Is this approach in line with modern C++ software architecture? Is a C interface the best choice in this scenario? What risks should I be aware of?
1 Answer 1
Yes, do it. This is a surprisingly common problem, and I just finished doing one.
The choice of a C API is a good one, and designing this is really the only hard part. Take it seriously!

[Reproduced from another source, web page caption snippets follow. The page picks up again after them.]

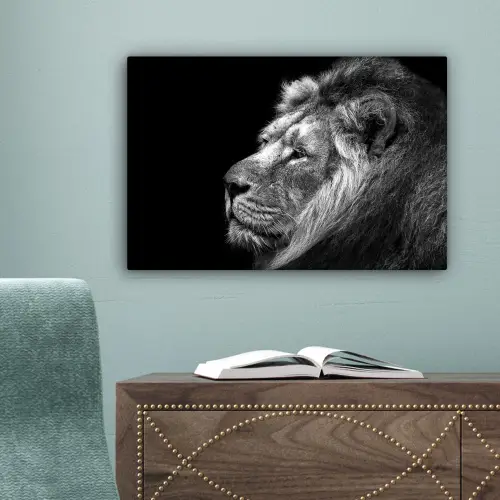 Leeuw tegen zwarte achtergrond in zwart-wit canvas 2cm klein -sfeer4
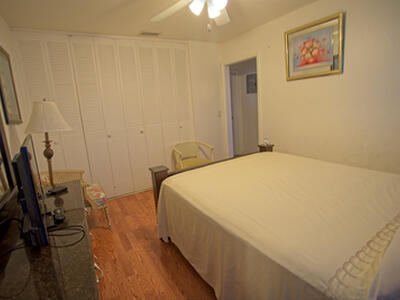 2833 Crosley Drive W, West Palm Beach, FL 33415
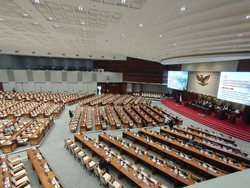 Paripurna DPR Bacakan Surpres Calon Dubes RI, 71 Anggota Dewan Hadir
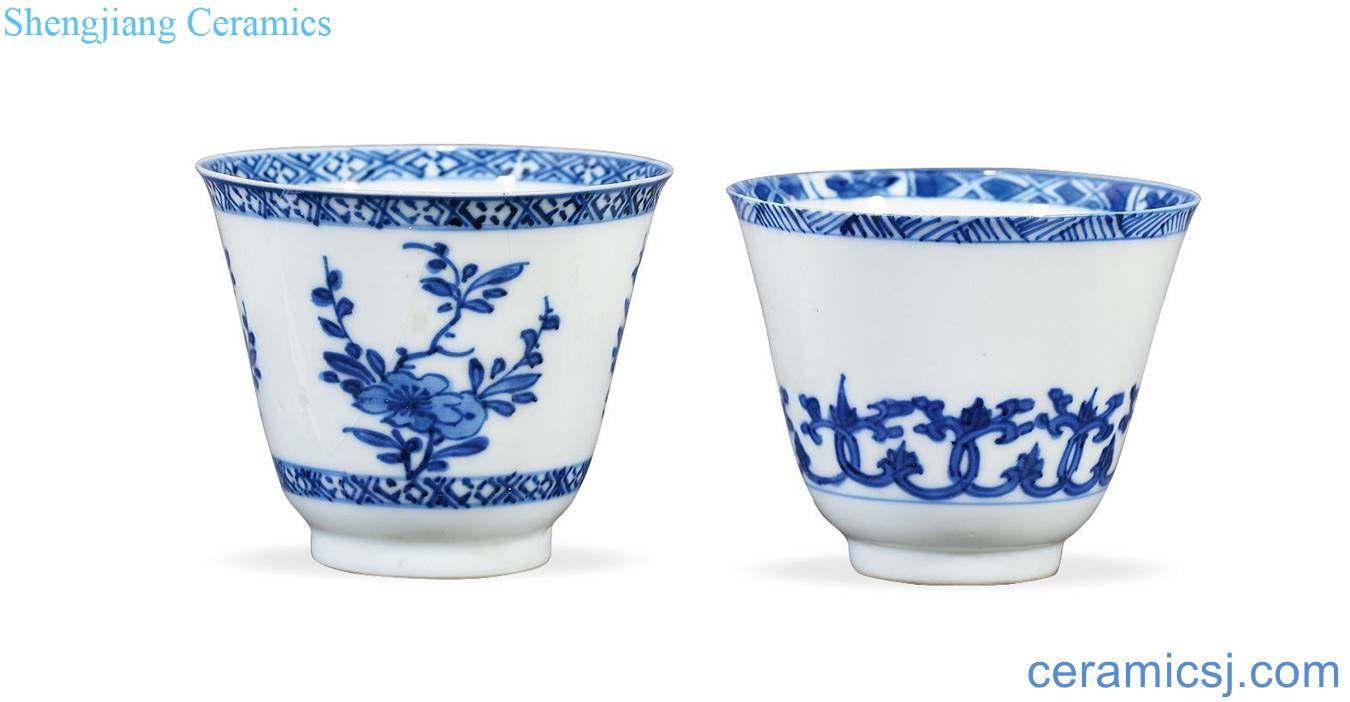 Blue and white flower cup (or two) of the reign of emperor kangxi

Just a few thoughts:
- simple data types: ints, floats, structs (but no pointers)
- a consistent strategy for variable sized items: strings and arrays
- prefer command/query
- be very consistent in naming and usage
- make sure it's easy and natural to call in C# and Python (then the rest are easy)
- prefer unit tests in C#
- probably need 64-bit (if it wasn't already)
Avoid C++/CLI -- it's a quick fix, but you will regret it over time.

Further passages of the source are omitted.